Once we have the quasi-yaml parsed, we can extract information on each monkey into a MonkeySpec.

struct MonkeySpec
    start::Vector{Int}
    operation::Expr
    test_factor::Int
    if_true::Int
    if_false::Int
end

function read_input(inp::IO)
    qy = read_quasi_yaml(inp)
    monkeys = Vector{MonkeySpec}(undef, length(qy))
    for (k, m) in qy
        n = parse.(Int, match(r"Monkey (\d+)", k)[1]) + 1
        start = parse.(Int, split(m["Starting items"].value, ", "))
        operation = Meta.parse(m["Operation"].value)
        test_factor = parse(Int, match(r"divisible by (\d+)", m["Test"].value)[1])
        action(s) = parse(Int, match(r"throw to monkey (\d+)", s)[1]) + 1
        if_true = action(m["Test"]["If true"].value)
        if_false = action(m["Test"]["If false"].value)
        monkeys[n] = MonkeySpec(start, operation, test_factor, if_true, if_false)
    end
    monkeys
end

Simulating Monkeys

Now I have two implementations of monkey simulators: a higher order function and a code generator. The soft version uses knowledge about the limitations of the expressions that we can encounter, creating some closure to do the actual work.

mutable struct Monkey
    items::Vector{Int}
    round::Function
    count::Int
end

function send(m::Monkey, v::Int)
    push!(m.items, v)
end

function monkey_soft(spec::MonkeySpec, worry_reduction::Function)
    op = spec.operation.args[2].args[1]
    num = spec.operation.args[2].args[3]
    if num isa Int
        func = op === :+ ? (x -> x + num) : (x -> x * num)
    else
        func = op === :+ ? (x -> x + x) : (x -> x * x)
    end
    function(self::Monkey, others::Vector{Monkey})
        for old in self.items
            self.count += 1
            new = worry_reduction(func(old))
            send(others[rem(new, spec.test_factor) == 0 ? spec.if_true : spec.if_false], new)
        end
        empty!(self.items)
    end
end

The generated version uses the Julia integrated compiler to generate a function from the ingredients that we were given. This should give more efficient code, but has the overhead that we need to compile this function for every monkey. Currently, the Julia compiler is too slow to make this implementation competetive with the soft implementation.
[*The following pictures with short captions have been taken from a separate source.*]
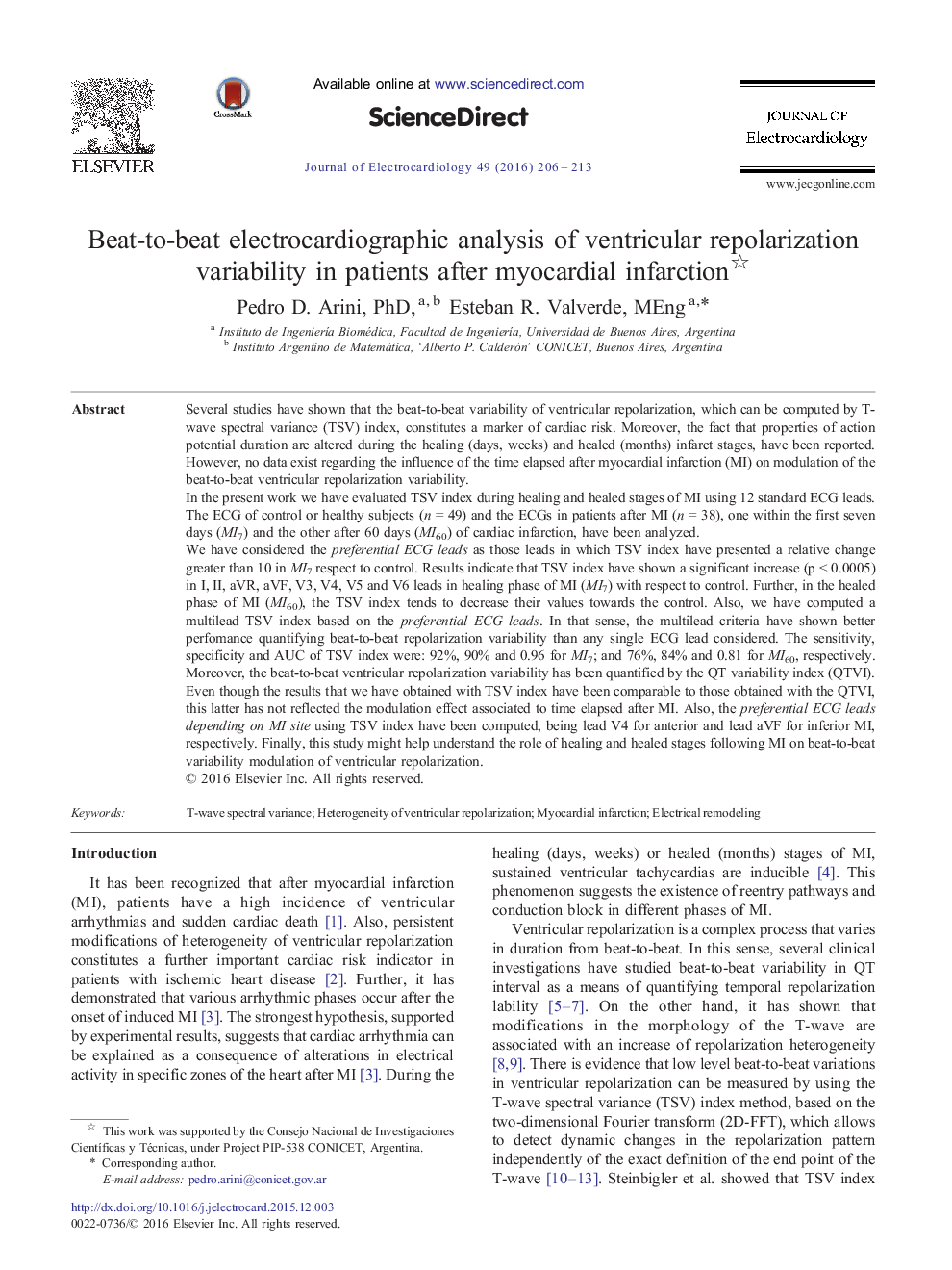 Beat-to-beat electrocardiographic analysis of ventricular repolarization variability in patients after myocardial infarction 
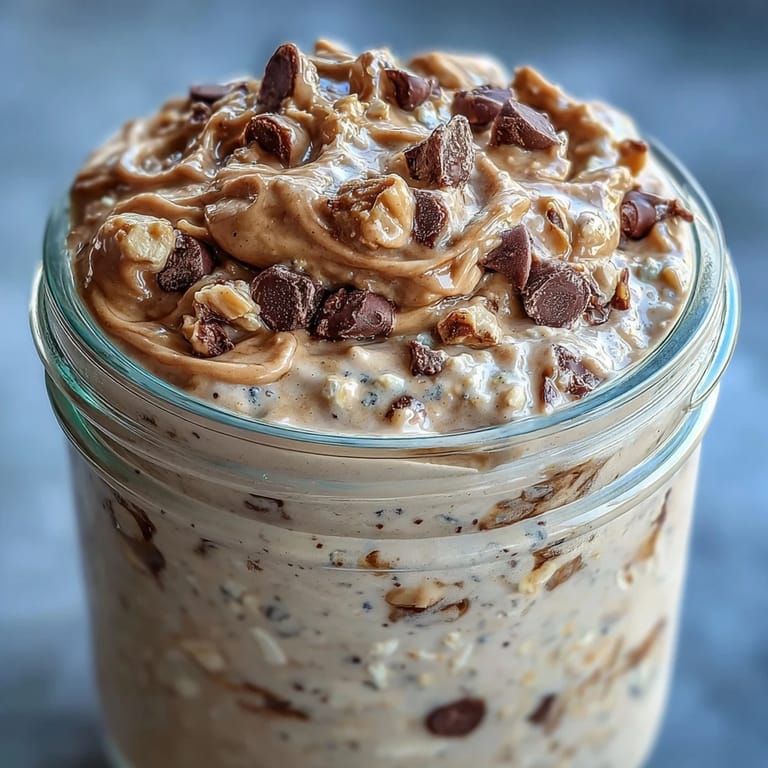 Healthy Protein Cookie Dough Overnight Oats served chilled in a jar, perfect for breakfast.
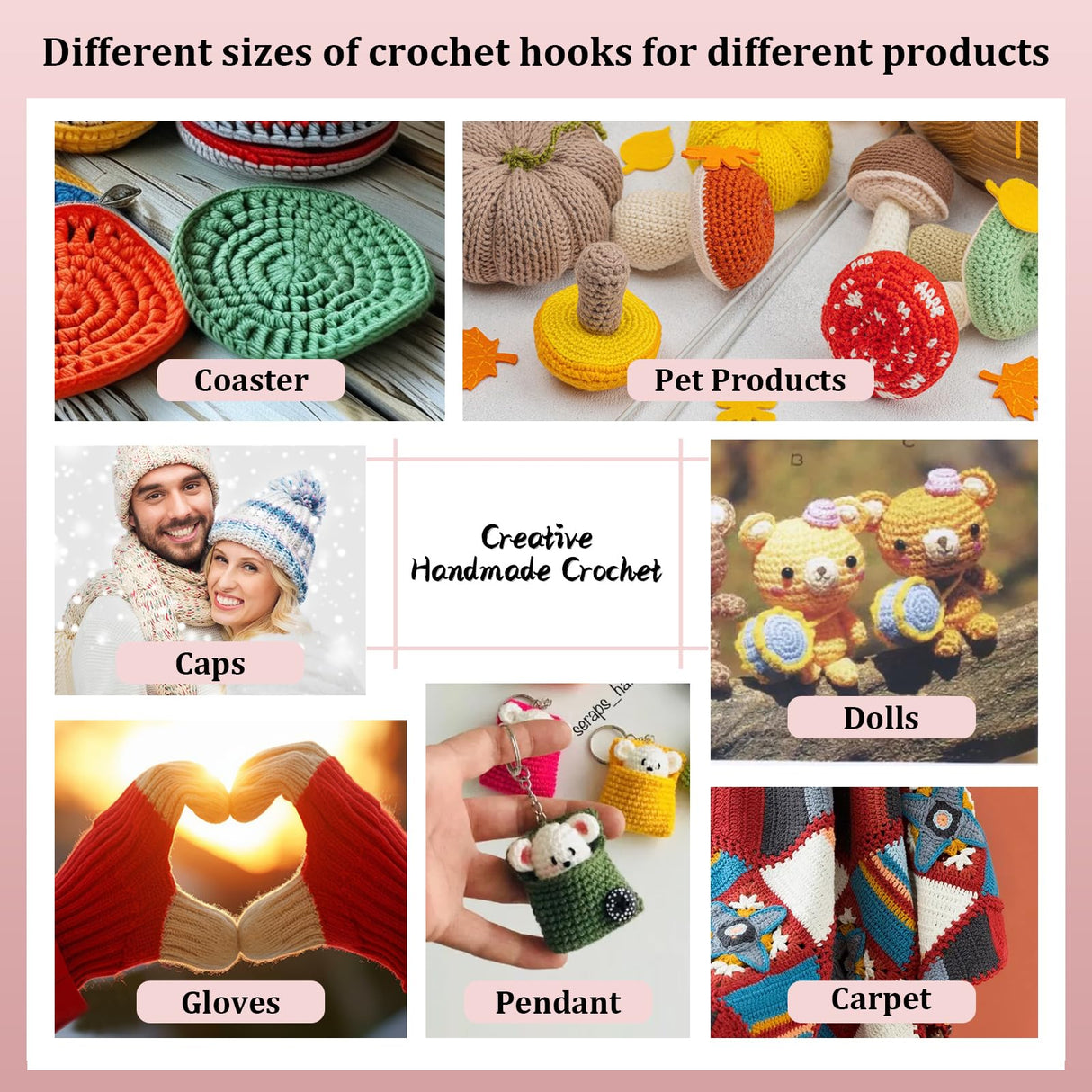 Looen Crochet Hooks 9-Piece Set, Ergonomic Rubber Grip Crochet Hook Set for Crocheting, Fine Knitting and Crochet Supplies, Crochet Kits for Arthritis Patients and Beginners. LOOEN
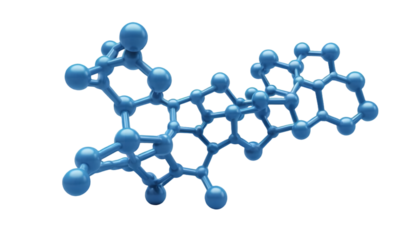 Detailed Scientific Illustration of a Blue 3D Representation of a Protein Molecule Perfect for Academic and Research Purposes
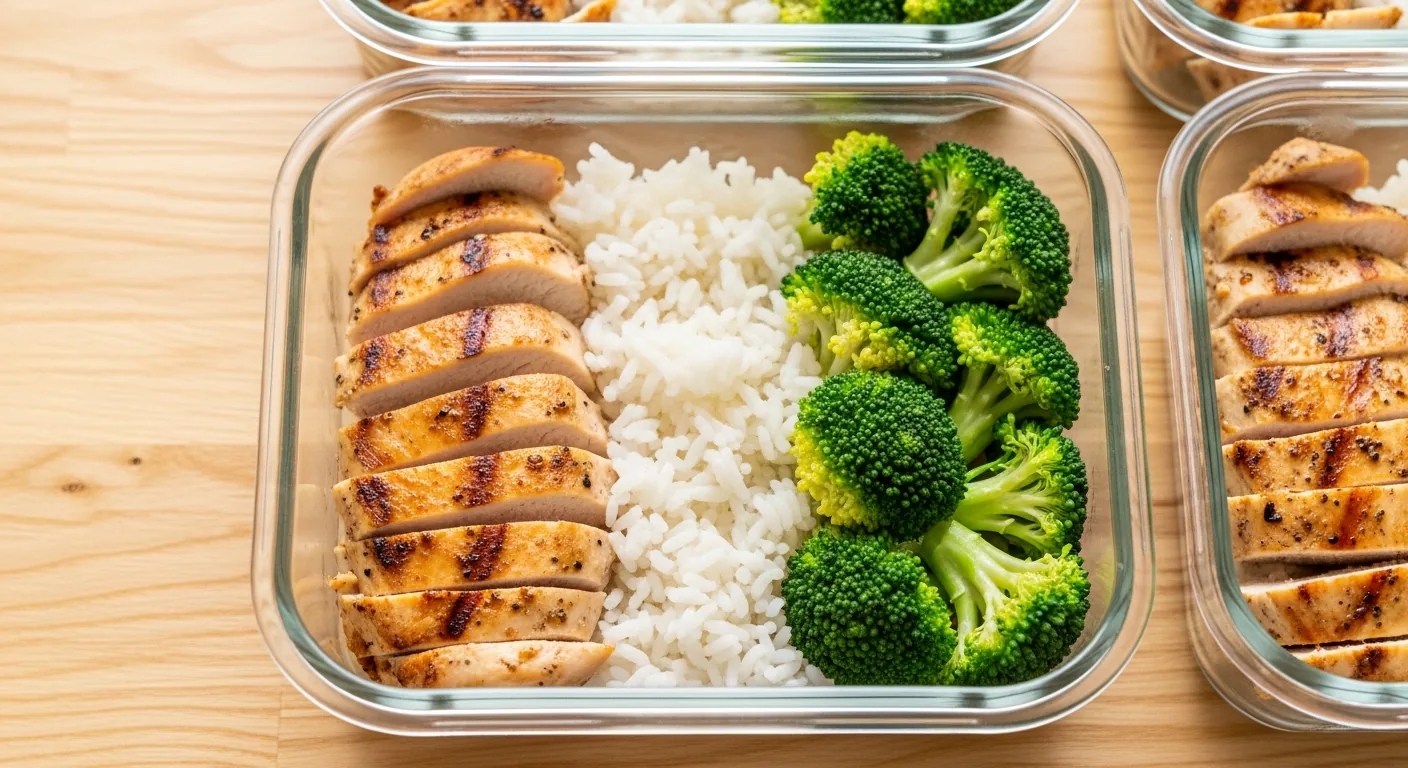 High-protein meal-prep container with chicken, rice and vegetables
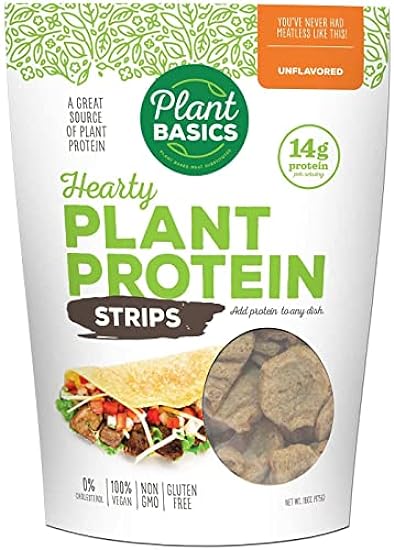 Plant Basics - Hearty Plant Protein - Unflavored Strips, 1 lb (Pack of 3), Non-GMO, Gluten Free, Low Fat, Low Sodium, Vegan, Meat Substitute 554574571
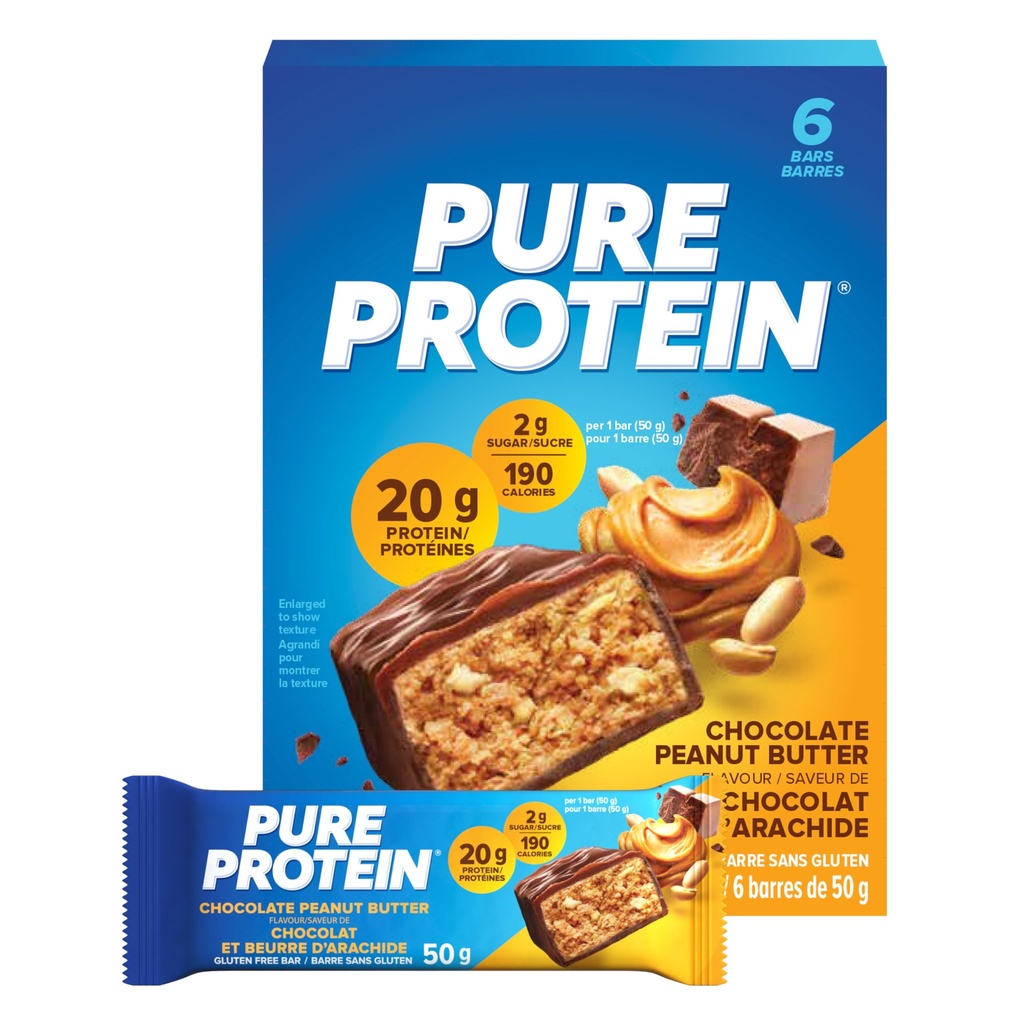 Čisté proteinové tyčinky, gluten zdarma, Snack tyčinky, čokoládové arašídové máslo, 50 g, 6 hrabě, {imported from Canada}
function monkey_gen(spec::MonkeySpec, worry_reduction::Function)
    @eval begin
        function(self::Monkey, others::Vector{Monkey})
            for old in self.items
                self.count += 1
                $(spec.operation)
                new = $(worry_reduction)(new)

                if rem(new, $(spec.test_factor)) == 0
                    send(others[$(spec.if_true)], new)
                else
                    send(others[$(spec.if_false)], new)
                end
            end
            empty!(self.items)
        end
    end
end

Running the lot

module Day11

<<quasi-yaml>>
<<monkey-spec>>
<<monkey-simulator>>

init_monkeys(spec::Vector{MonkeySpec}, worry_reduction::Function) =
    [Monkey(copy(s.start), monkey_soft(s, worry_reduction), 0) for s in spec]

monkey_business(monkeys::Vector{Monkey}) =
    *(sort(monkeys .|> m -> m.count)[end-1:end]...)

function run_monkeys(monkeys::Vector{Monkey}, n_rounds::Int)
    for _ in 1:n_rounds
        for m in monkeys
            Base.invokelatest(m.round, m, monkeys)
        end
    end
    monkeys
end

function main(inp::IO, out::IO)
    input = read_input(inp)
    part1 = monkey_business(run_monkeys(init_monkeys(input, x -> x ÷ 3), 20))
    println(out,"Part 1: $part1")
    max_factor = foldl(*, (s.test_factor for s in input))
    part2 = monkey_business(run_monkeys(init_monkeys(input, x -> x % max_factor), 10000))
    println(out, "Part 2: $part2")
end

end  # module

@day 11

 🮐🮐🮐🮐🮐  Day 11                          
 🮐🮐🮐🮐🮐    Part 1: 119715
 🮐🮐🮐🮐🮐    Part 2: 18085004878